The opportunity was to appoint an altogether different sort of figure: a robust mainstream Anglican with contacts in the global South and with disaffected Evangelicals. ARCIC has for some time been that most paradoxical of endeavours; an ecumenical project which aggravates divisions within Anglicanism itself. A new face was needed to give the process back its credibility.

Peter Carnley, the chosen candidate, is not that new face. He is more of the same. Indeed, he is indistinguishable from Frank, and in the same liberal Catholic mould as the ABC himself. It was Peter Carnley, it will be remembered, who ordained the first women priests in Australia, in defiance of the General Synod of his own church and of an injunction taken out against him: hardly a recommendation for a diplomat!

Why, you will ask, is the white liberal stranglehold on positions of authority and power in the Communion allowed to continue? Who makes these appointments and how are they made?
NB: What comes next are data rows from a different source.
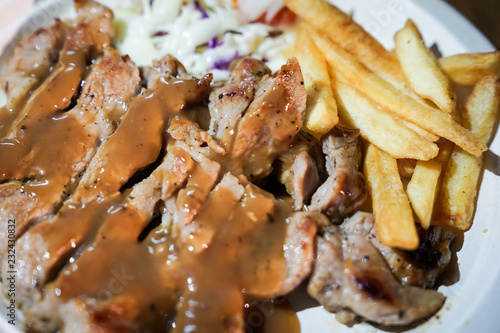 Steak and french fried food street by foodtruck, Bangkok, Thailand.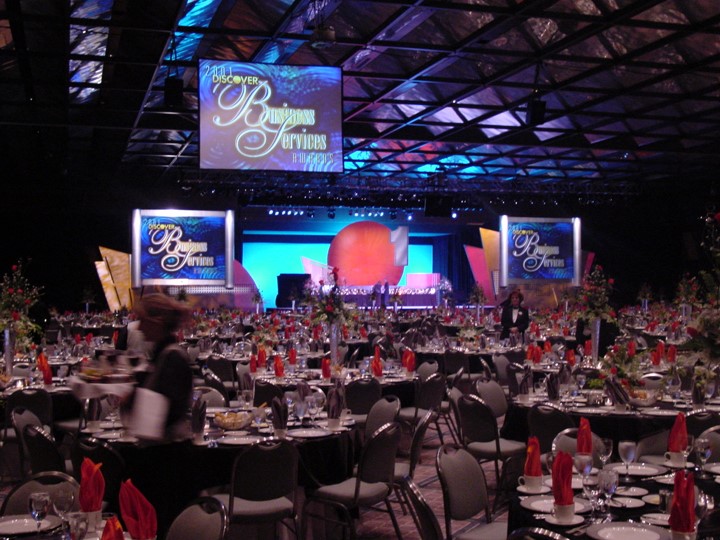 A Discover Business Services conference room at the Contemporary Hotel in Orlando is set for a dinner with red napkins and black tablecloths. The stage has the words "DISCOVER BUSINESS SERVICES" on the screens and is set with flower center pieces.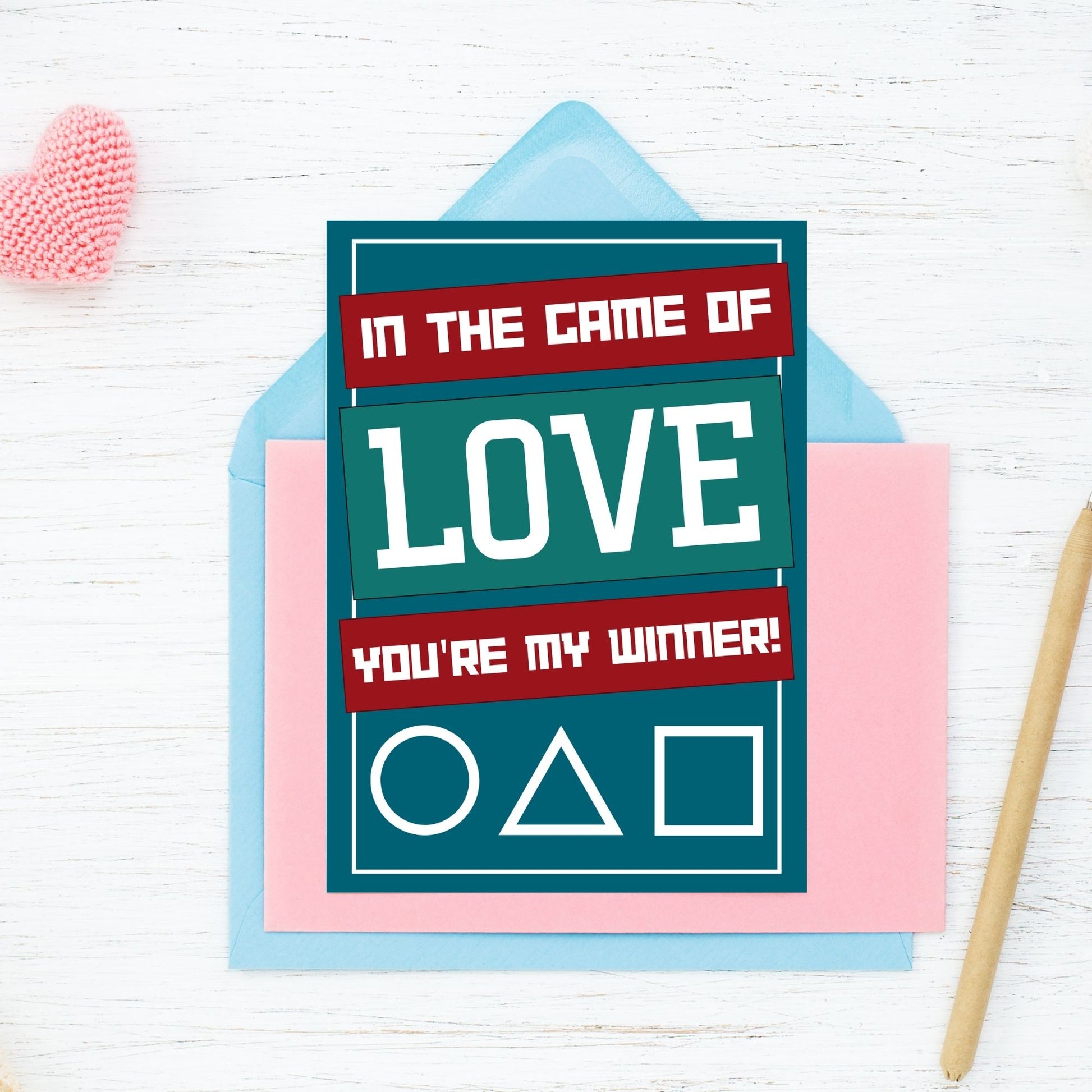 A Squid Game-inspired printable Valentine's Day card featuring bold graphics and a playful love message. Perfect for fans of the show who want a fun and unique Valentine’s card.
The answers to these questions are often complex and seldom edifying. But what is abundantly clear is that unless there are some orthodox voices heard at the heart of the Communion soon, the process of disintegration which began in New Hampshire and New Westminster will accelerate. ARCIC will collapse, not from the intransigence of Rome, as some have always feared, but from the incoherence of Canterbury.

Rome, Moscow, Constantinople and the Oriental Churches have all expressed reservations about continued contacts with a body which cannot deliver on agreements made. Provincial autonomy they have concluded, is no way to run a world-wide church. How right they are.